Environmental issues are often the first to come to mind when the topic of sustainability is raised. At Sphera, we go beyond the environmental factors and view sustainability through three lenses: people, planet and performance. So, when examined within the context of everyday business operations, sustainability matters are not limited to one or two departments. Sustainability involves everyone.

For example, the “people” component might involve health and safety, employee relations and labor standards. “Planet” covers GHG emissions, raw materials or carbon monitoring, among other things. And “performance” can include items such as regulatory compliance, operational risk management or cybersecurity. We refer to the management of these people, planet and performance elements as enterprise sustainability management (ESM).
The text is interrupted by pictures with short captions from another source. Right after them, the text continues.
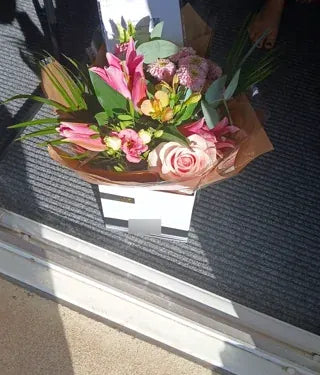 Pink roses in a Welch gift box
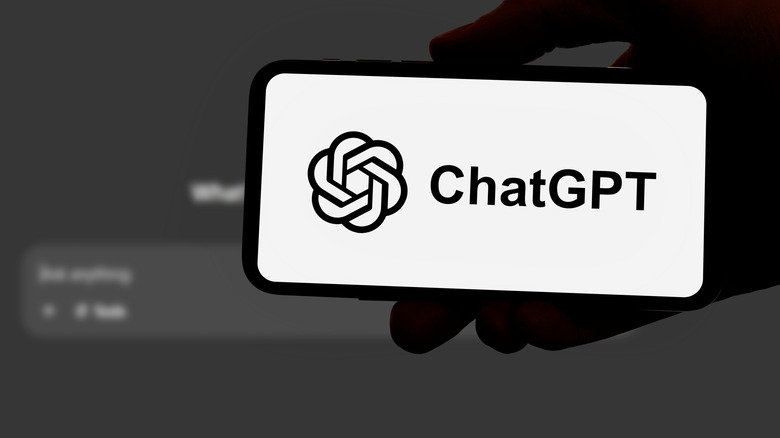 OpenAI's logo and the words ChatGPT on a smartphone.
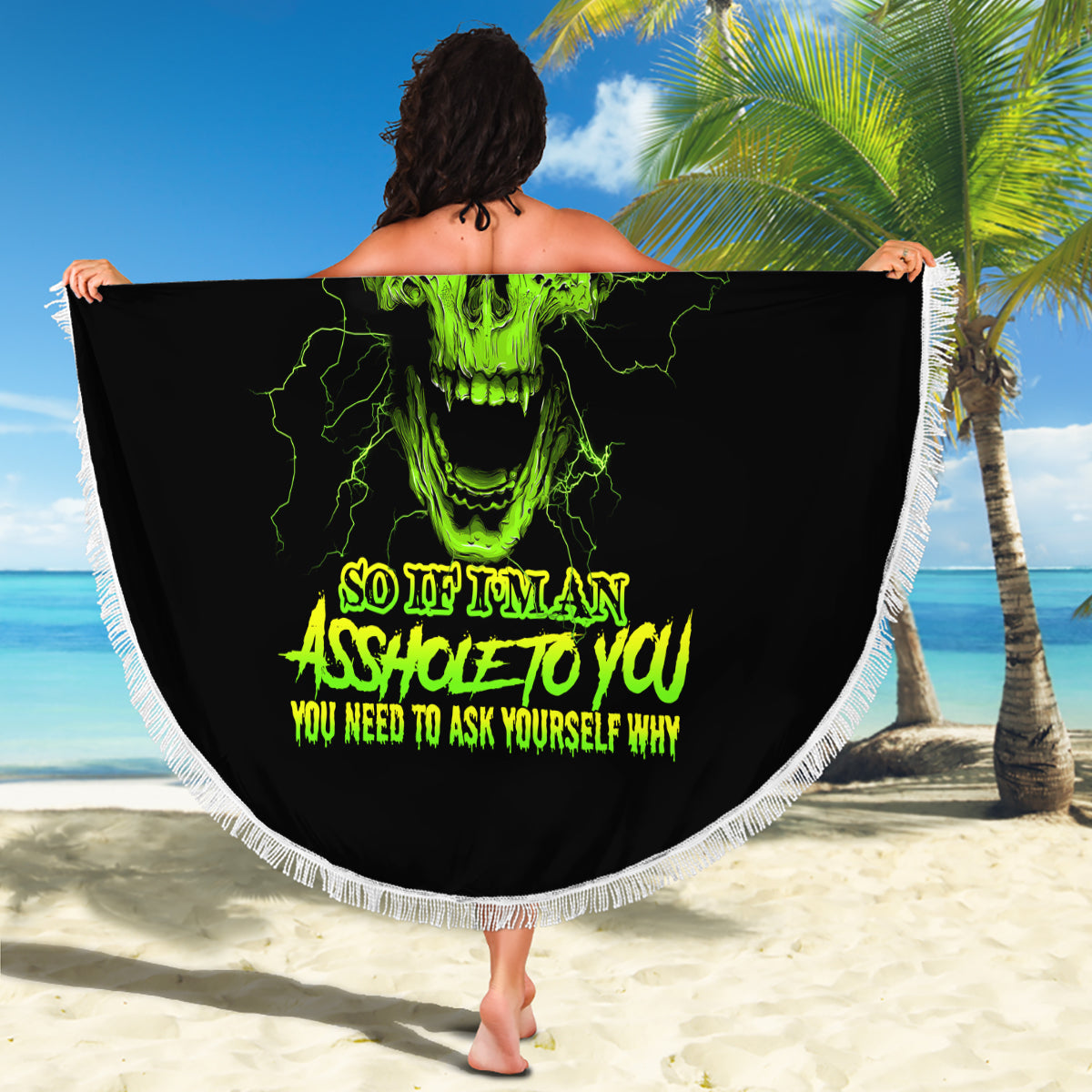 Round black beach blanket with neon green skull graphic and white fringe, held up
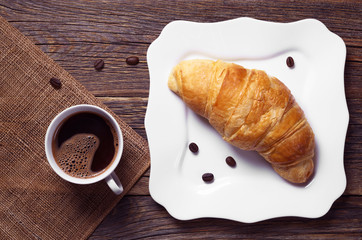 Croissant and cup of coffee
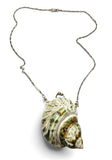 Shell pendant on a chain against a white background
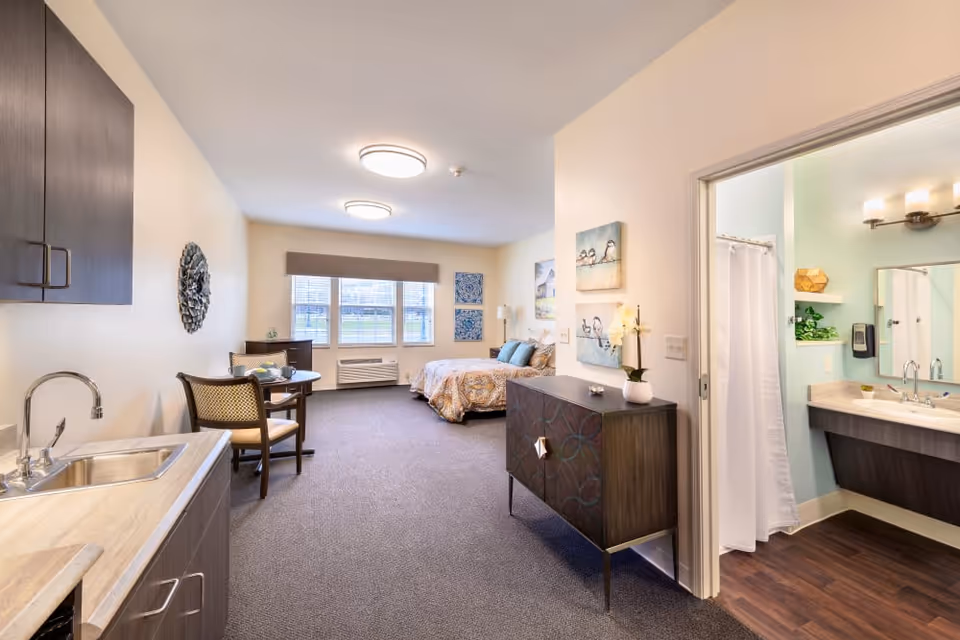 Well-lit studio apartment interior with a bed, kitchenette, small dining table, dresser, and an open bathroom.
The best approach to ESM is three-pronged, involving software, data and consulting.

  • Software allows companies to monitor metrics, processes and activities; manage workflows; and aggregate information and report out to stakeholders, among many other things. It’s akin to an ESM engine that optimizes operations to keep a business moving forward with efficiency.
  • Data can include product, supply chain, health and safety, compliance or emissions data. It’s fed into the software to provide actionable information that allows businesses to manage their people, planet and performance issues. Data is the input, or fuel, for the ESM engine.
  • Consulting provides the topical or industry-specific expertise that’s tailored for a particular business and its sustainability goals. It’s the intelligence that helps businesses extract the most value from its software and data. Keeping with the automobile analogy, consulting functions almost like the driver. It maps out a company’s destination and the best route toward that destination, ensuring that the right data and software are utilized for the journey.

So, those are the essential components of effective ESM. The benefit of ESM is visibility into the entire organization—a visibility that can lead to surprising performance improvements. It starts at the corporate level, where corporate sustainability reporting to shareholders, investors, government regulators and other stakeholders takes place.

The information needed for this comes from the operational level. Examples of this kind of information include permit information from a company’s permit to work capabilities; environment, health and safety information; or risk information from an advanced risk assessment. Obviously, an enterprise can have vast quantities of information. It needs software to make the information manageable and useful.

Drilling down further, we get to the product level. At this level, a business might conduct a life cycle assessment (LCA) to determine a product’s environmental impact—or use LCA automation to generate information on an entire product portfolio. The granularity achieved at this level can advance a company’s understanding of its environmental footprint in a remarkable way.

Finally, we get to the supply chain. Visibility at this level is becoming more critical, as regulators include Scope 3 emissions disclosures in corporate reporting requirements. Given the size and complexity of many companies’ supply chains—imagine Walmart, for example—any tool that offers access to the data needed for Scope 3 calculations and sustainability reporting is now a must-have.

By applying the three essential components of software, data and consulting, ESM pulls everything together for a comprehensive approach to sustainability. Again, sustainability means different things to different organizations, and the materiality assessment helps businesses define the concept in their own terms and lay the foundation for their sustainability strategy.

Whichever sustainability topics are most important to your business, Sphera is ready with the tools and expertise you need to set your sustainability goals and track your progress toward them. For us, this isn’t just about achieving our mission to create a safer, more sustainable and productive world—it’s also our passion.